== Source data

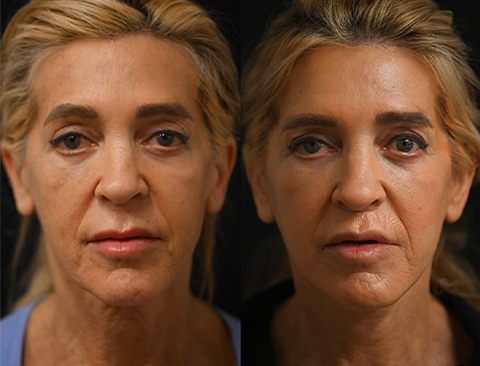 before and after facial fat transfer front view female patient Beverly Hills, CA
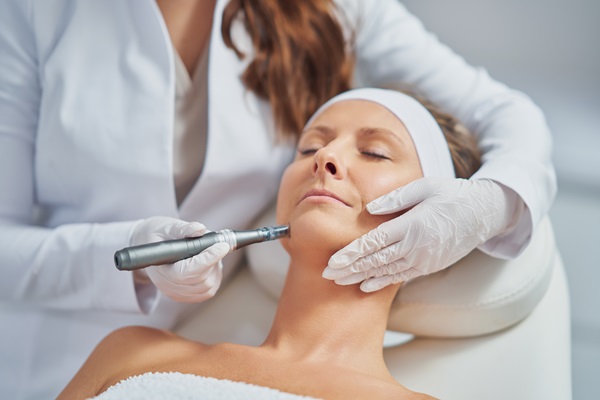 How Microneedling Is Used As A Skin Treatment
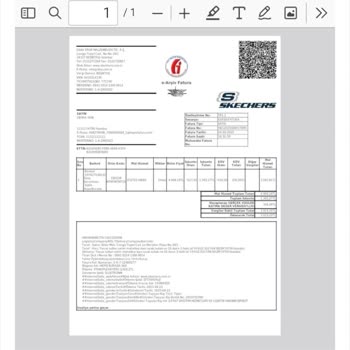 Skechers Ayakkabı 2 Ayda Yırtıldı, İnceleme Sonucu Olumsuz!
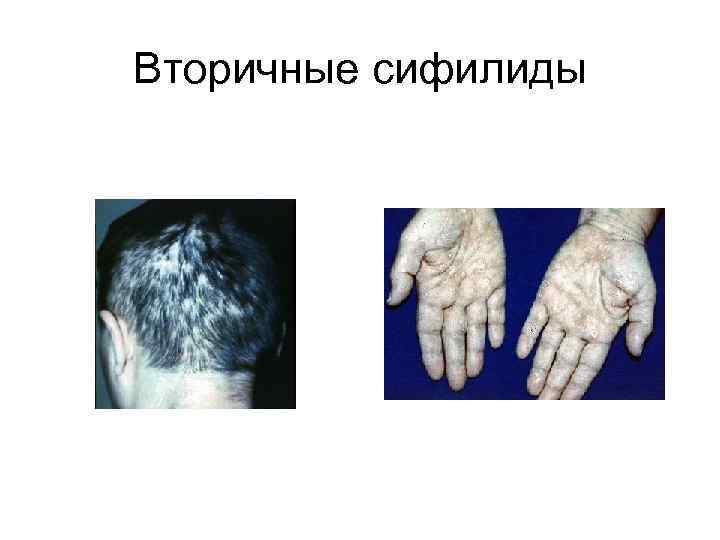 Вторичные сифилиды 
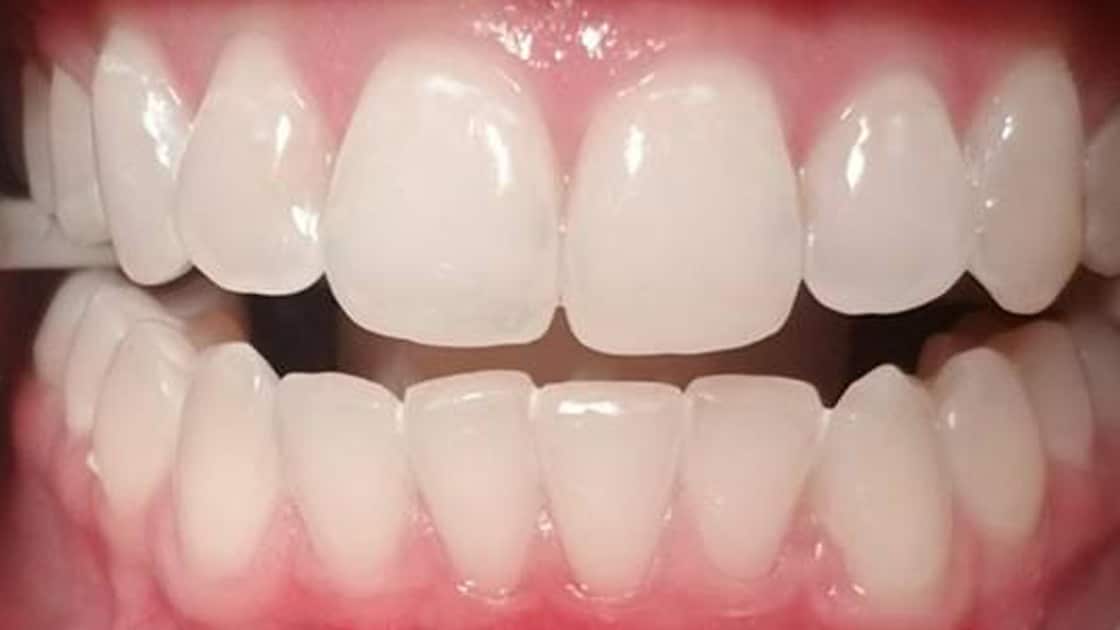 Whitening After Photo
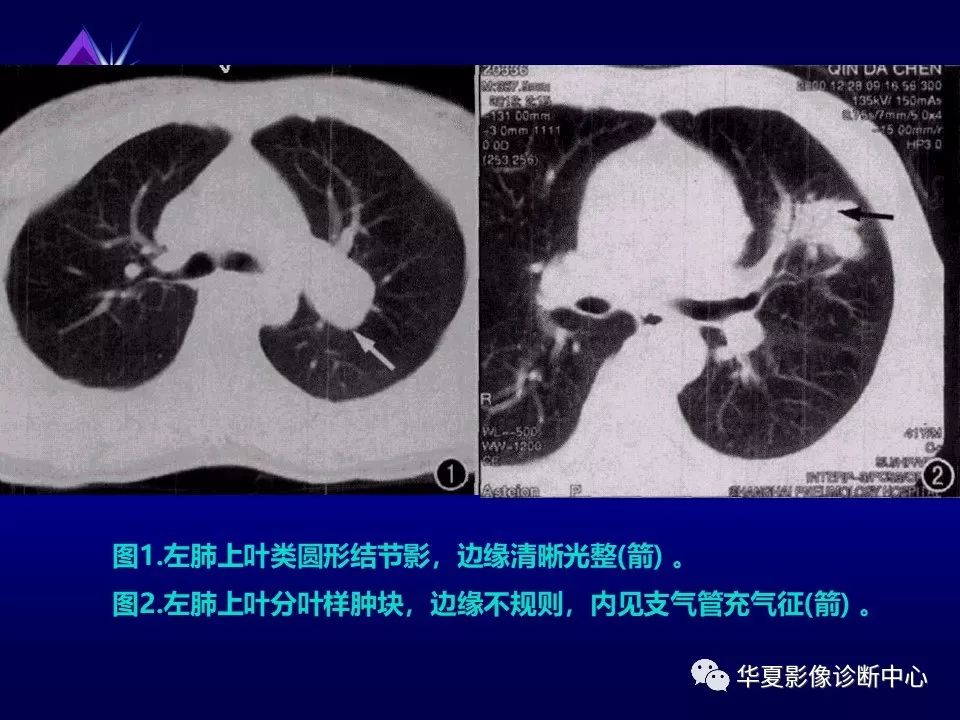 肺部"特殊"病变的影像表现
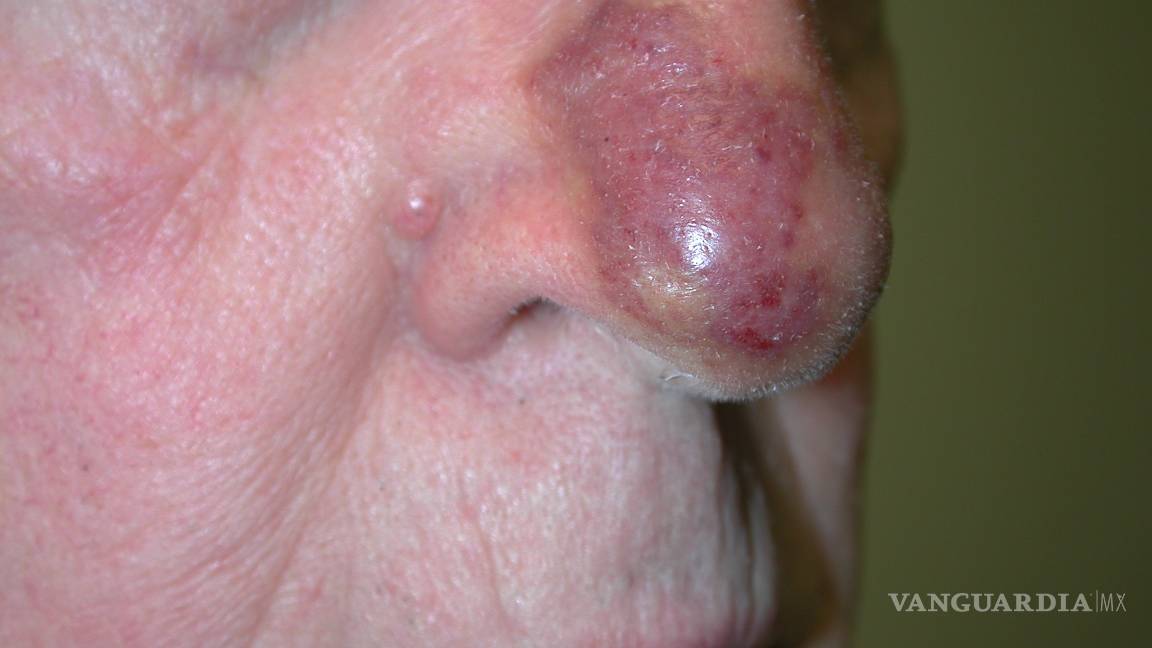 $!Estudio con pacientes de angiosarcoma revela posibles nuevas terapias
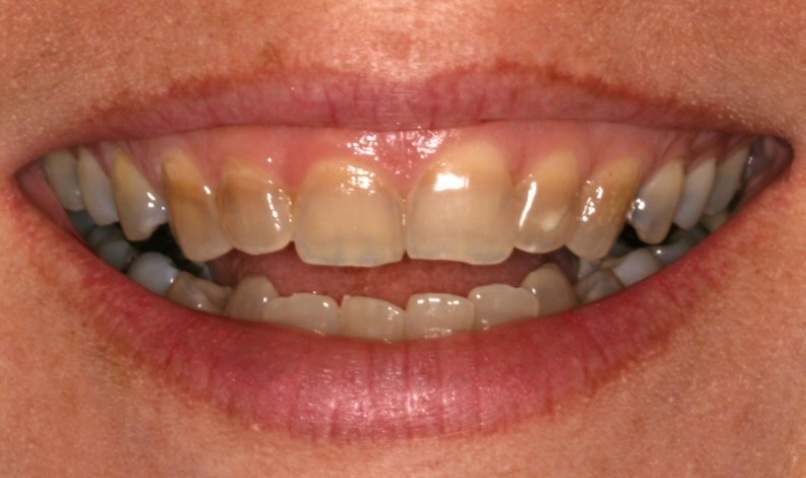 Tẩy trắng răng nhiễm Tetracycline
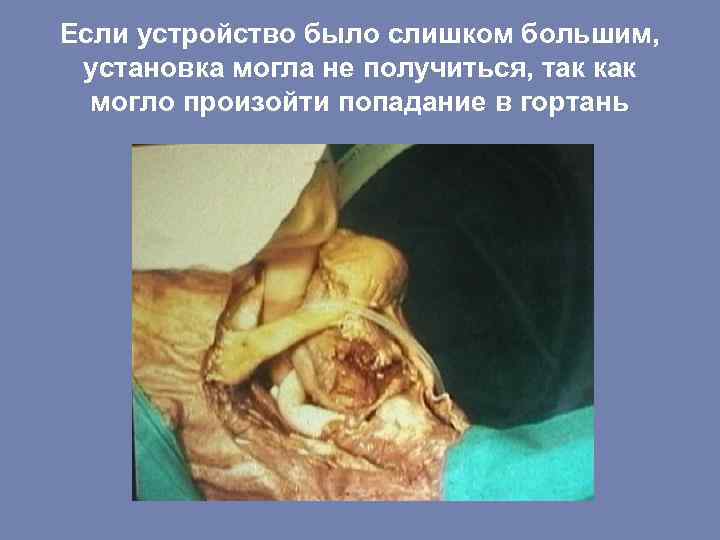 Если устройство было слишком большим, установка могла не получиться, так как могло произойти попадание
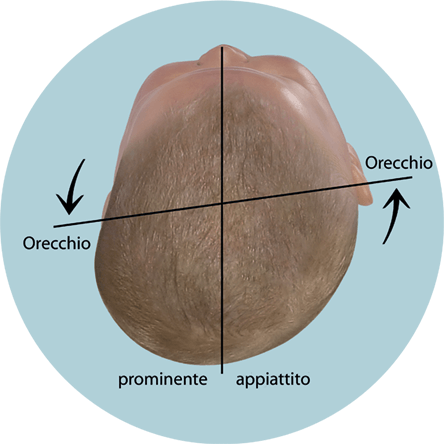 Valutare la forma della testa del bambino Asse auricolare spostato in caso di plagiocefalia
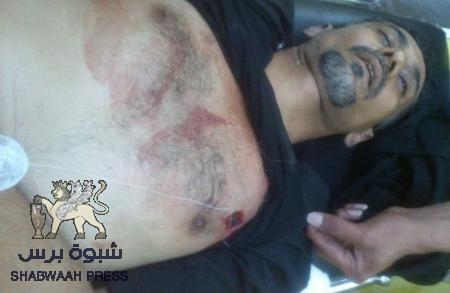 توثيق رقم الطقم العسكري الذي قتل جنوده الشهيد الجنيدي
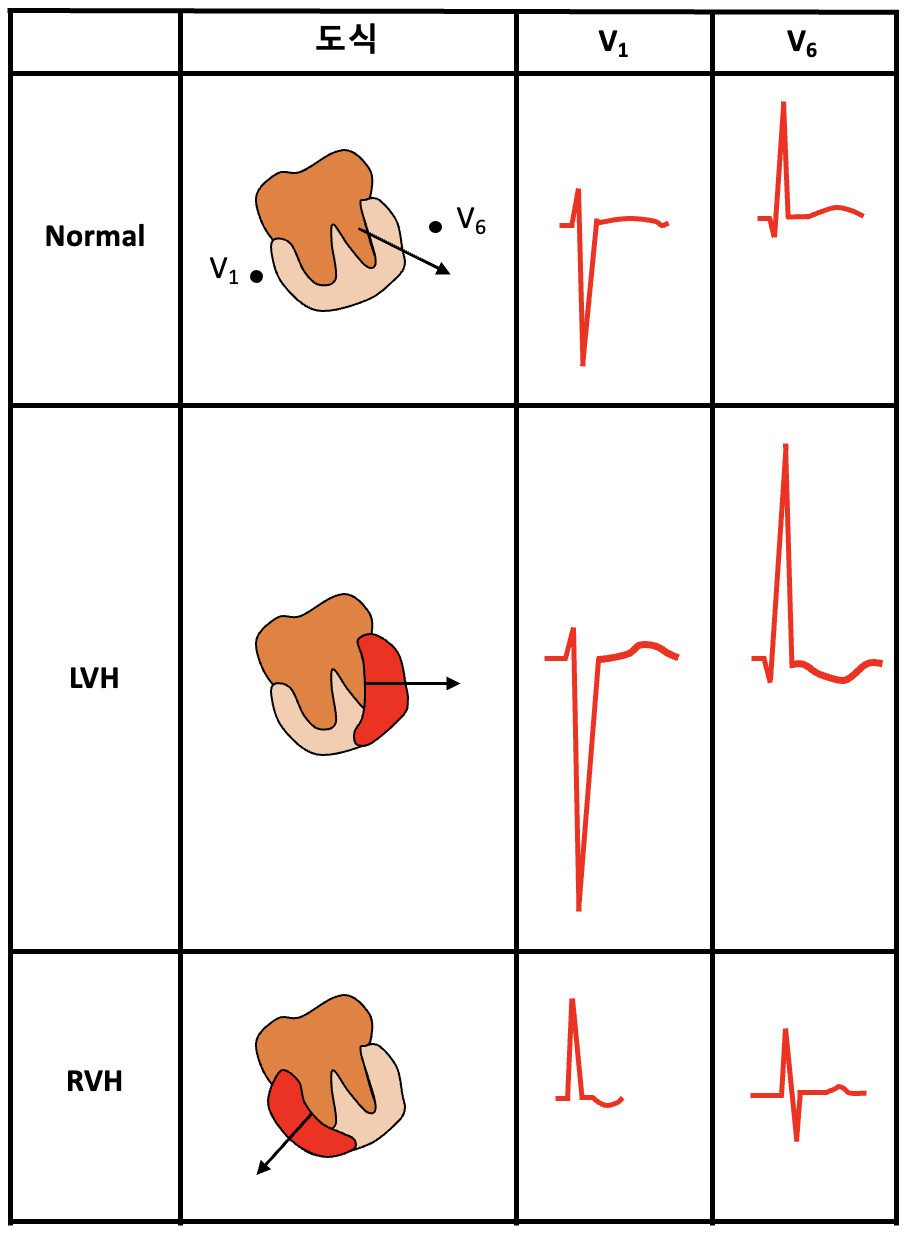 심장 비대(Enlargement/hypertrophy) | 메디톡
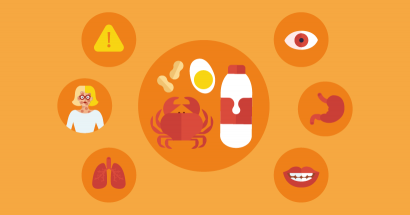Food allergy (Infographic)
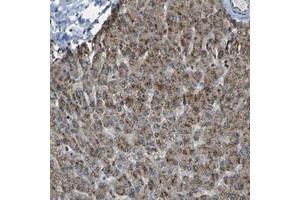 Immunohistochemical staining of human liver with SVOPL polyclonal antibody  shows moderate cytoplasmic positivity in hepatocytes at 1:50-1:200 dilution. (SVOPL Antikörper)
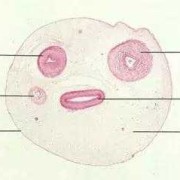胎儿脐血管（新生儿脐带的结构是）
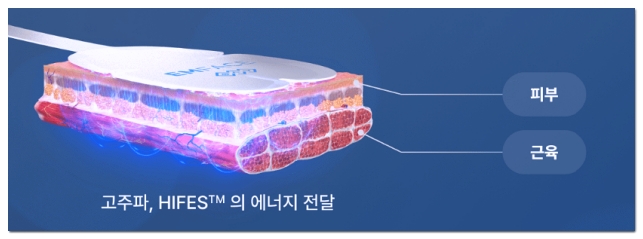 홍대 엠페이스 받기전 필독 이런분들이 효과 제대로 봅니다 관련 이미지 5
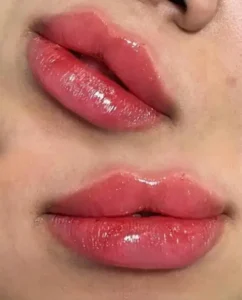 نیازمند تکنسین تزریق فیلر و بوتاکس جهت کلینیک زیبایی زیر نظر پزشک در پادادشهر اهواز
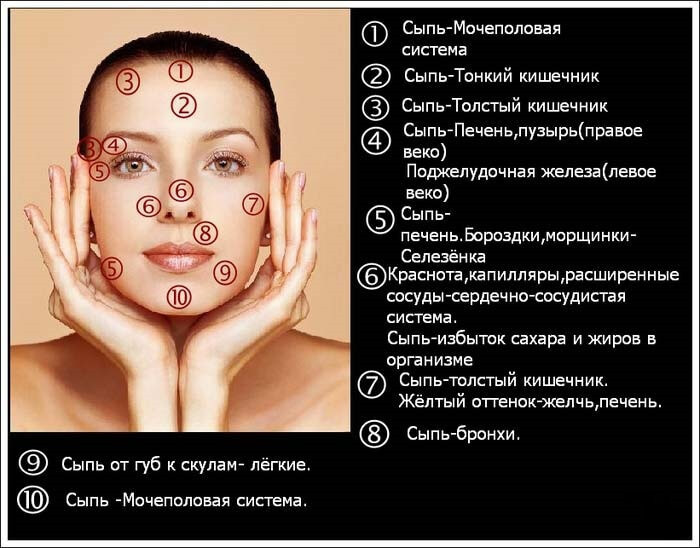 Причина прыщей на подбородке у женщин, лечение :: syl.ru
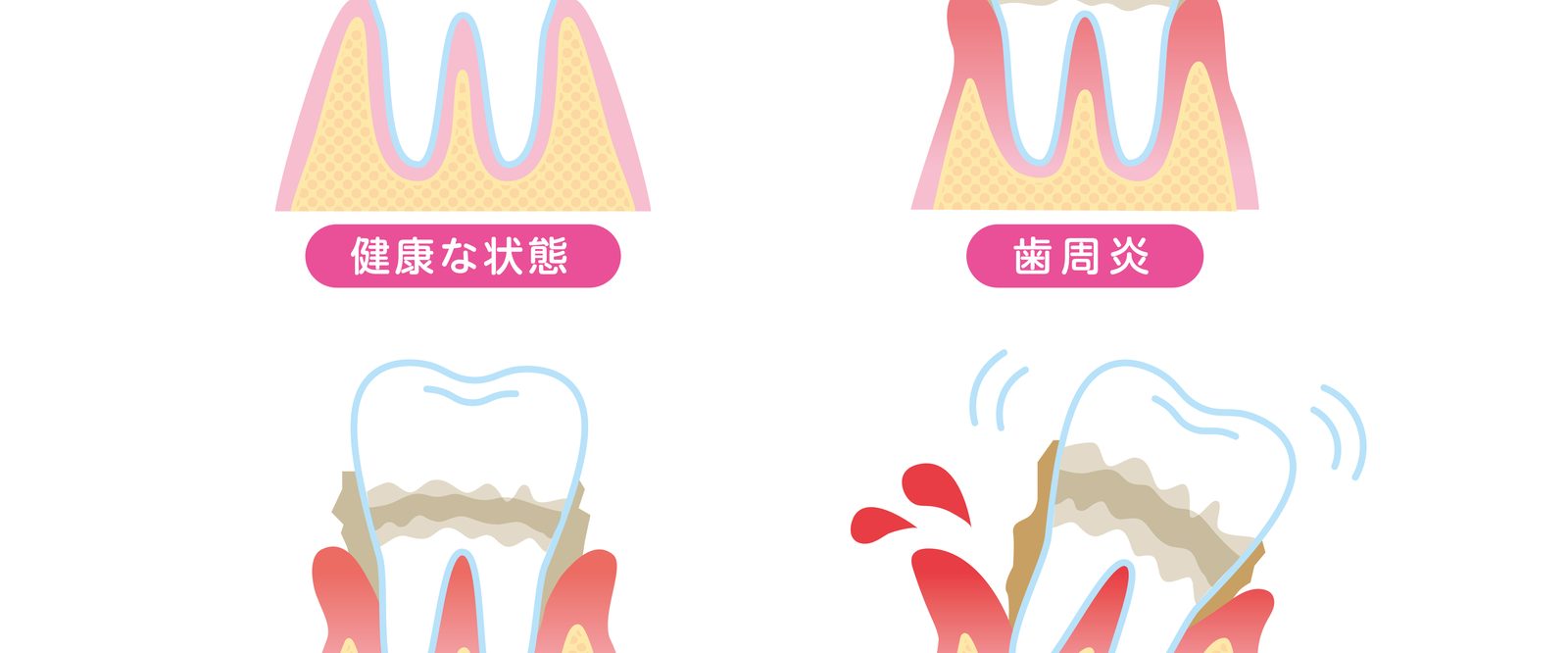 歯周病の進行段階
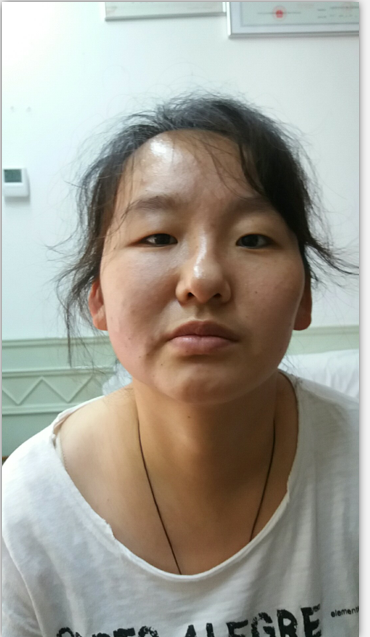 用蜂刺疗法治疗第三天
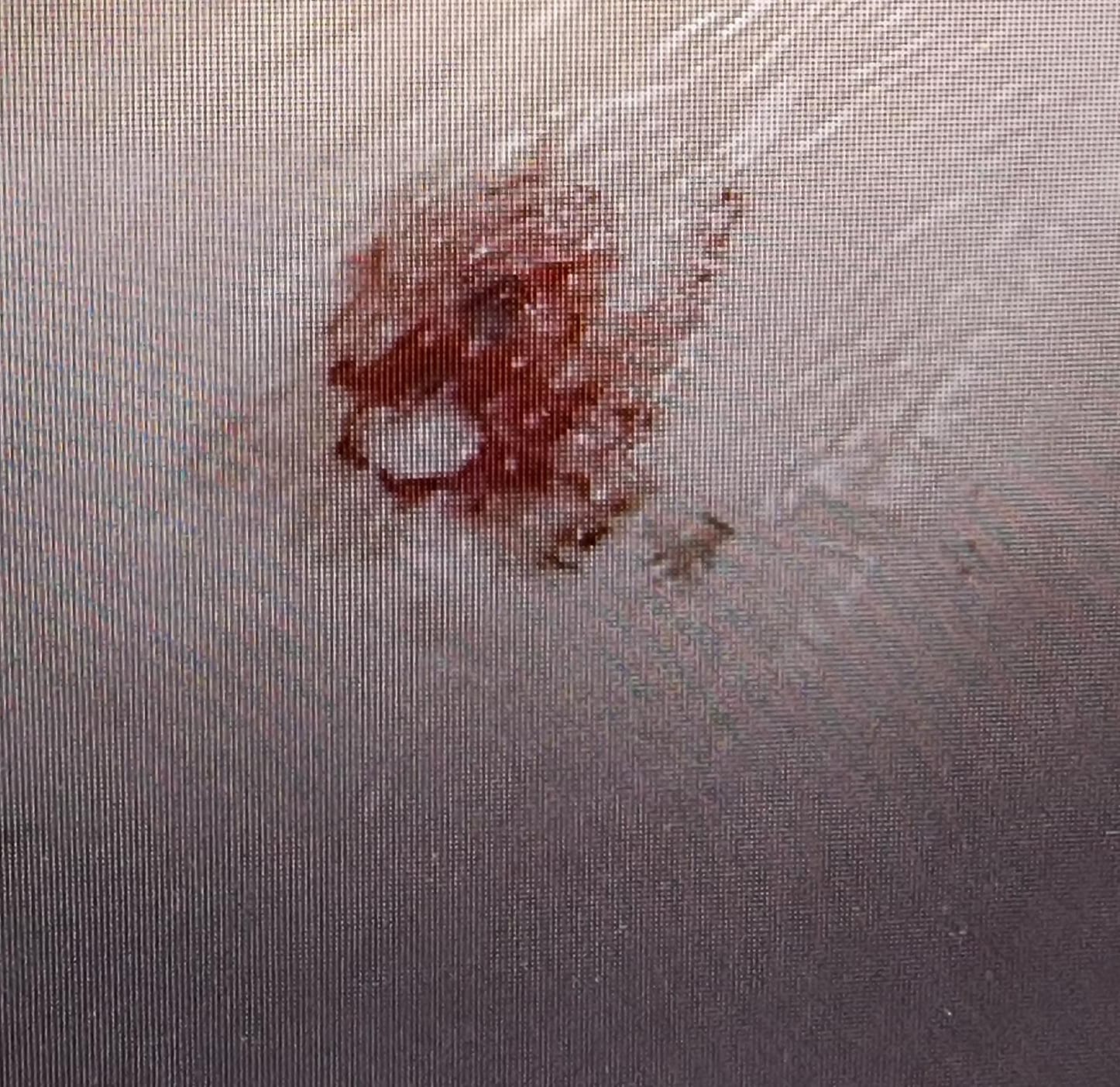 stab womb bb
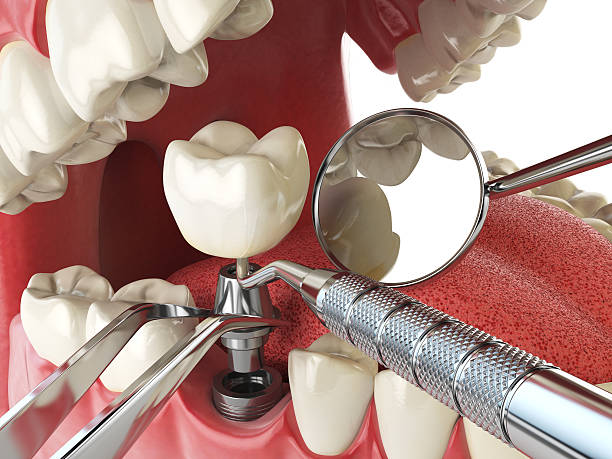 Best Emergency Tooth Extraction in Port Townsend, WA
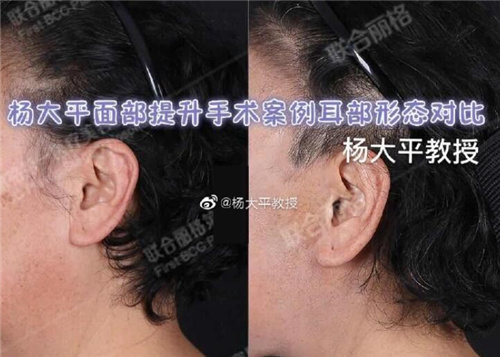 杨大平医生拉皮手术真人实例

====

Go back to the records above and write them out exactly, without the pictures.

 before and after facial fat transfer front view female patient Beverly Hills, CA
 How Microneedling Is Used As A Skin Treatment
 Skechers Ayakkabı 2 Ayda Yırtıldı, İnceleme Sonucu Olumsuz!
 Вторичные сифилиды 
 Whitening After Photo
 肺部"特殊"病变的影像表现
 $!Estudio con pacientes de angiosarcoma revela posibles nuevas terapias
 Tẩy trắng răng nhiễm Tetracycline
 Если устройство было слишком большим, установка могла не получиться, так как могло произойти попадание
 Valutare la forma della testa del bambino Asse auricolare spostato in caso di plagiocefalia
 توثيق رقم الطقم العسكري الذي قتل جنوده الشهيد الجنيدي
 심장 비대(Enlargement/hypertrophy) | 메디톡
Food allergy (Infographic)
 Immunohistochemical staining of human liver with SVOPL polyclonal antibody  shows moderate cytoplasmic positivity in hepatocytes at 1:50-1:200 dilution. (SVOPL Antikörper)
胎儿脐血管（新生儿脐带的结构是）
 홍대 엠페이스 받기전 필독 이런분들이 효과 제대로 봅니다 관련 이미지 5
 نیازمند تکنسین تزریق فیلر و بوتاکس جهت کلینیک زیبایی زیر نظر پزشک در پادادشهر اهواز
 Причина прыщей на подбородке у женщин, лечение :: syl.ru
 歯周病の進行段階
 用蜂刺疗法治疗第三天
 stab womb bb
 Best Emergency Tooth Extraction in Port Townsend, WA
 杨大平医生拉皮手术真人实例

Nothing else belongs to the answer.